Ailleurs en Irak, des sadristes ont envahi le siège du gouvernorat à Nassiriya (sud) et occupé le siège du gouvernorat de Babylone (centre) à Hilla.

Le Cadre de coordination a condamné l'"attaque contre les institutions de l'Etat" tout en appelant au "dialogue".

Les Etats-Unis, pays influent en Irak où ils déploient des soldats, ont appelé au calme, l'ONU et la France à la retenue.

L'Irak, pays riche en pétrole mais accablé par une grave crise économique et sociale, est plongé dans l'impasse politique depuis les élections législatives d'octobre 2021 remportées par Moqtada Sadr.

Les barons de la politique ne parviennent toujours pas à s'accorder sur le nom d'un nouveau Premier ministre. Et l'Irak n'a donc ni nouveau gouvernement ni nouveau président depuis le scrutin.

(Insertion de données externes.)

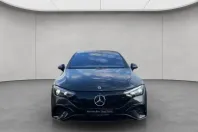 Mercedes-Benz EQE din 2023 cu 29.760 km - oferta MER174199 - foto 7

Pour sortir de la crise, Moqtada Sadr et le Cadre de coordination s'accordent sur un point: il faut de nouvelles élections. Mais si Moqtada Sadr insiste pour dissoudre le Parlement avant tout, ses rivaux veulent d'abord la formation d'un gouvernement.

- "Ce qu'ils veulent" -

Moqtada Sadr entretient des relations en dents de scie avec l'Iran chiite qui exerce une forte influence chez son voisin irakien. C'est là-bas qu'il vit la plupart du temps, mais balance souvent d'une ligne pro-iranienne à la défense d'une position clairement nationaliste.

Ces dernières semaines, le leader chiite irakien n'a cessé de faire monter les enchères car il sait qu'il peut compter sur l'appui d'une très large frange de la communauté chiite, majoritaire en Irak.

Depuis un mois, ses partisans campent aux abords du Parlement dans la Zone verte et ont même bloqué brièvement l'accès à la plus haute instance judiciaire du pays à Bagdad.

Lundi, dans un nouveau rebondissement, il a annoncé son "retrait définitif" de la politique et la fermeture d'institutions liées à sa famille.

Arrivé premier aux législatives avec 73 sièges (sur 329) mais incapable de former une majorité, il avait fait démissionner ses députés en juin, affirmant vouloir "réformer" le système et en finir avec la "corruption".

"Dans la tradition sadriste, on peut s'attendre à ce qu'il fasse marche arrière", souligne à l'AFP Hamzeh Hadad, chercheur invité au Conseil européen pour les relations internationales (ECFR).

Mais, "et c'est plus terrifiant, on peut penser qu'il donne à ses partisans le feu vert pour faire ce qu'ils veulent, en disant qu'il ne répond plus de leurs actions".